Strategies for Innovation
The year 2013 was characterized by the implementation of strategies designed to further companies’ product innovation capabilities.
In New Jersey, two new company headquarters opened: Bayer Healthcare in Whippany and Novo Nordisk in Princeton. Novartis had a major expansion. Valeant Pharmaceuticals, which acquired Bausch & Lomb last year, has located its headquarters in Bridgewater. Dendreon expects to move its headquarters from Seattle, Washington to New Jersey.
In October, 2013, Bayer HealthCare opened its new US headquarters on a 94-acre campus in Whippany, within Hanover Township, consolidating its four former sites in Morristown, Montville, Wayne and Tarrytown, New York. The move brings together 2,400 employees thereby establishing the firm’s footprint on the East Coast with the prospect of further US investment, the company says.
Bayer launched five new prescription drugs in the US last year in therapeutic areas ranging from oncology to women’s healthcare to cardiovascular. An NJBIA “New Good Neighbor Award” has been presented to Bayer for its new headquarters (see page 67).
Novartis expanded on its 230-acre East Hanover campus, which is its US headquarters for pharmaceuticals. It has an R&D center. It also houses the North American headquarters for its oncology unit. Other New Jersey sites include Novartis Consumer Health in Parsippany, and the generics unit, Sandoz, in Princeton.
Novartis ranks as the largest drug firm in the world with global sales of $50.6 billion in 2013, climbing 1.9 percent over the prior year, IMS Health says.
In 2013, the company received 13 approvals of new drugs around the world. Its R&D investments in pharmaceuticals in the US amounted to $7.2 billion, or 22 percent of pharmaceuticals net sales, demonstrating a “commitment to innovation,” notes the company.
Eisai Co., Ltd, a Japanese firm, and parent of Woodcliff Lake-based Eisai, Inc., has allotted 20 percent of its 2013 global net sales to R&D activities, demonstrating increased emphasis in that area. Eisai’s US R&D operations are in New Jersey as well as other states, and the key areas of focus are neurology and oncology.
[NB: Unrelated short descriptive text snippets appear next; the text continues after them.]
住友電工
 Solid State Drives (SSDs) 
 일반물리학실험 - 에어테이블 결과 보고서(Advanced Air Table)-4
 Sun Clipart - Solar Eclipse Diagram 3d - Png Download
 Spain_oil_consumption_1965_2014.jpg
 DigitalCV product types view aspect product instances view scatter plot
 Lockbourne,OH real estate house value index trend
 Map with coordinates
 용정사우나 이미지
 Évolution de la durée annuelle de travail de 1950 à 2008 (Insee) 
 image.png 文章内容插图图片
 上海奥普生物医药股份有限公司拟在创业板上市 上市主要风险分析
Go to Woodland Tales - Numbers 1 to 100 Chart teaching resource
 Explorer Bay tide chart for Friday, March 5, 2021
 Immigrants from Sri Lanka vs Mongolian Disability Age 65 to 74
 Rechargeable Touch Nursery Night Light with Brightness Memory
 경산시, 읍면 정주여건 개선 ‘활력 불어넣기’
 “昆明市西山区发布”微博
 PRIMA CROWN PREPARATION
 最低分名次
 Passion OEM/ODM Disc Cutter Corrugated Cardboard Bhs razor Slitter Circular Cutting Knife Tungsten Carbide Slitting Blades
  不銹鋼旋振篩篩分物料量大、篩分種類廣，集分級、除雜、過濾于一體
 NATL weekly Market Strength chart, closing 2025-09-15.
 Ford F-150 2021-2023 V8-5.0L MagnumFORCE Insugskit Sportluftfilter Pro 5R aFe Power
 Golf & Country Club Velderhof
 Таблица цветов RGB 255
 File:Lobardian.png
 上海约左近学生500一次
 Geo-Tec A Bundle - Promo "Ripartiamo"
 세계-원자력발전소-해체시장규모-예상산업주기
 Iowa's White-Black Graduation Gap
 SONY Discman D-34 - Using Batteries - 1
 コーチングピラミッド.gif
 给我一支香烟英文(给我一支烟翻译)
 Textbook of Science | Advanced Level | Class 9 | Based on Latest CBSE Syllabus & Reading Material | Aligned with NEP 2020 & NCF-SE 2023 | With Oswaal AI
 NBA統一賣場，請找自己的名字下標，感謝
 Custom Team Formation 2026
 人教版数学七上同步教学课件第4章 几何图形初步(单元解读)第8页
Eisai recently launched two new medications, i.e., Belviq for chronic weight management in adults who are obese and Fycompael for the treatment of partial-onset seizures in certain epilepsy patients.
In April, an interesting three-way deal was announced involving Glaxo-SmithKline (GSK), Novartis and Eli Lilly worth $28.5 billion. In the transaction, Novartis will acquire GSK’s cancer drugs business while selling its vaccines division to GSK and Lilly will acquire Novartis’ animal health business. Separately, Pfizer spun off its animal health business last year.
Analysts speculate that companies are swapping assets so each can specialize in what they excel, thereby driving profits to compensate for the ongoing rounds of patent expiries taking place on best-selling drugs. One industry source called it an “industry overhaul” and forecast other big deals to come.
The Medicine Chest
Novartis comments that it values New Jersey’s position as “a hub for medical innovation.” The state’s numerous colleges and universities and thousands of life sciences companies attract some of the top scientists and talent, “making it a strategic location for Novartis.”
Clearly, the state remains in place as the “Medicine Chest of the World.” “Investing in R&D is at the heart of what we do,” HINJ’s Paranicas says.